Masson and Miles (1986) provided a possible explanation for this pattern of rifting. During the late Triassic phase of rifting, Iberia moved with Africa, so that extension took place simultaneously between the eastern United States and Africa and between Newfoundland and Iberia. After 195 Ma, a transform boundary developed between Iberia and Africa and along the southern margin of the Grand Banks, allowing Africa and North America to continue rifting and finally to separate (at about 175 Ma), while little or no extension occurred between Newfoundland and Iberia (Masson and Miles, 1986; Tankard and Welsink, 1988). Srivastava and Verhoef (1992) suggested that, during this period, the southern Grand Banks high was dragged away from the rest of the Grand Banks by Africa. After 160 Ma, extension resumed again between these margins and progressed to the point of continental breakup and seafloor spreading. Srivastava et al. (1990) indicated that Iberia was moving as a separate plate when spreading began. (Ziegler, 1989, provides a well-illustrated map-view history of Mesozoic North Atlantic rifting.)

Little rift-related magmatism is observed on either side of the Atlantic. The central Newfoundland Basin is dotted by the mid-Cretaceous Newfoundland Seamounts, but these are unrelated to the rifting of these margins. Also, aside from some dike intrusion in southeastern Newfoundland during the Early Jurassic and some minor volcanic rock found in wells, rift-related igneous activity is scarce on the Grand Banks (Keen et al., 1990; Tankard and Welsink, 1988). Mesozoic magmatism in the Lusitanian Basin is insignificant (Montenat et al., 1988).

The conjugate margins display mild asymmetries. Figure 1 shows a cross section of the margins, perpendicular to the direction of rifting. The Iberia Abyssal Plain appears to be slightly wider than the Newfoundland Basin (350 vs. 200 km); this probably indicates that the site of seafloor spreading was somewhat off-center in a broad area of highly extended crust. In addition, the subsidence amounts for the Iberia Abyssal Plain and the Newfoundland Basin (labelled "TTS" in Fig. 1) are somewhat different (Tett, 1993). These asymmetries are limited to the highly thinned areas adjacent to the ocean/continent boundary, however, and are minor if the margins are considered as a whole. Figure 1 also may give the impression that basement underlying the Iberia Abyssal Plain is rougher; this difference merely reflects the levels of detail in the data shown in this figure. The observed subsidence profile is compared to the modeled subsidence in Figure 15.

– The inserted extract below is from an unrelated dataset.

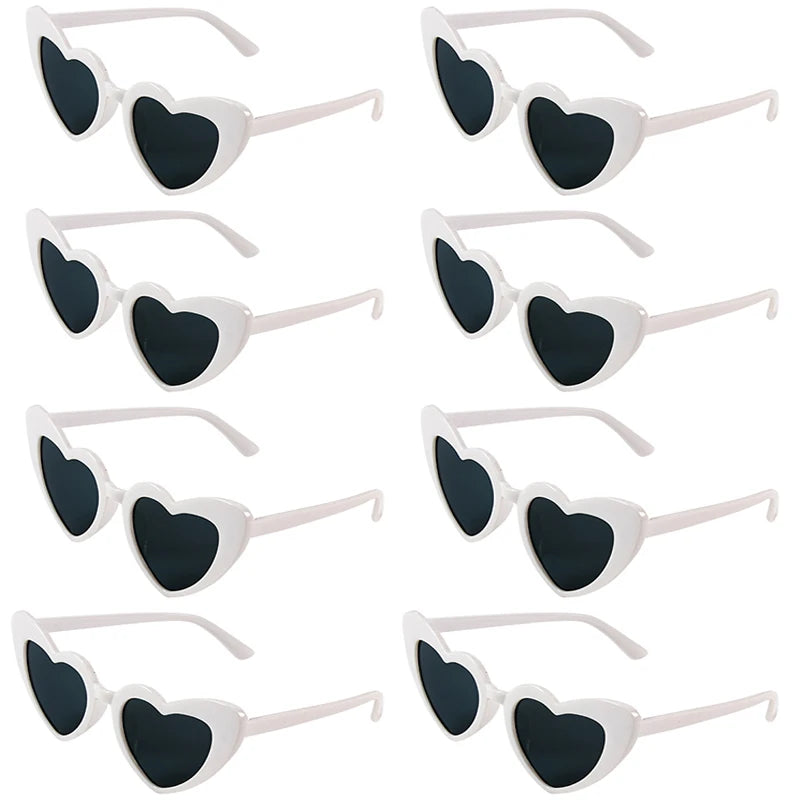 8pcs/6pcs Bachelorette Hen Party Sunglasses Black Heart Shaped Glasses Bride To Be Bridesmaid Gifts Wedding Bridal Shower Decor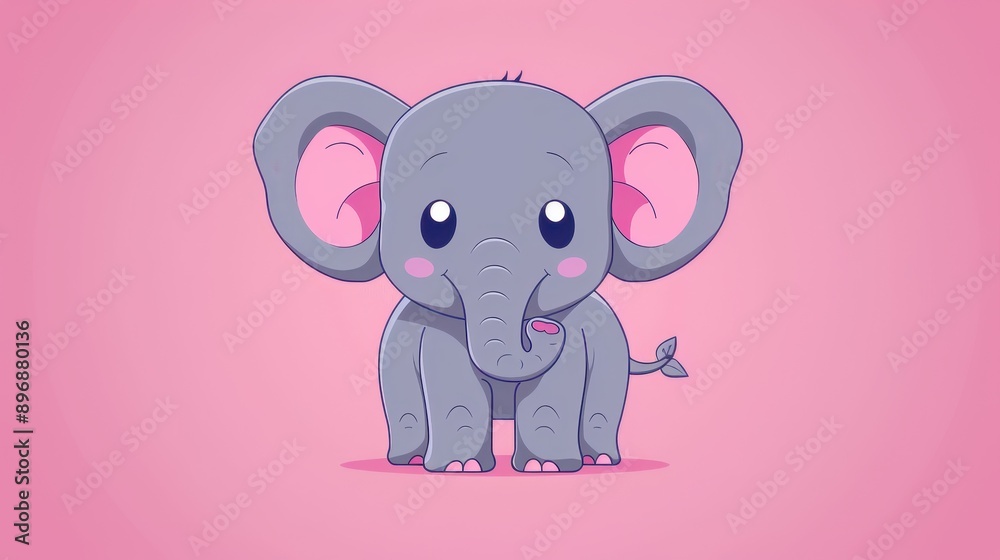 Fototapeta premium Adorable Cartoon Elephant with Big Eyes and Pink Ears on a Pink Background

Lastly, the continental shelf on the Newfoundland margin (not shown in Fig. 1) is 1 order of magnitude wider than that on the Iberian side; at first glance, this variance seems to be a significant asymmetry. Much of the Grand Banks, however, is the unextended Bonavista platform (Srivastava and Verhoef, 1992), and the Iberian shelf has become emergent largely because of Cenozoic compression. Thus, although the basins are wider on the Grand Banks than the Lusitanian Basin, the asymmetry of the shelf widths is not as extreme as the bathymetries would suggest.

These observations notwithstanding, the Newfoundland and Iberian Margins are grossly symmetric. During both phases of extension, rifting was distributed symmetrically through time on both margins, first on the shelf basins, and later in the more seaward basins. Common lithologies are found on both sides of the Atlantic throughout the rifting history. In addition, the two phases of extension were centered in the same location, so that the resulting conjugate margins are roughly mirror images of one another.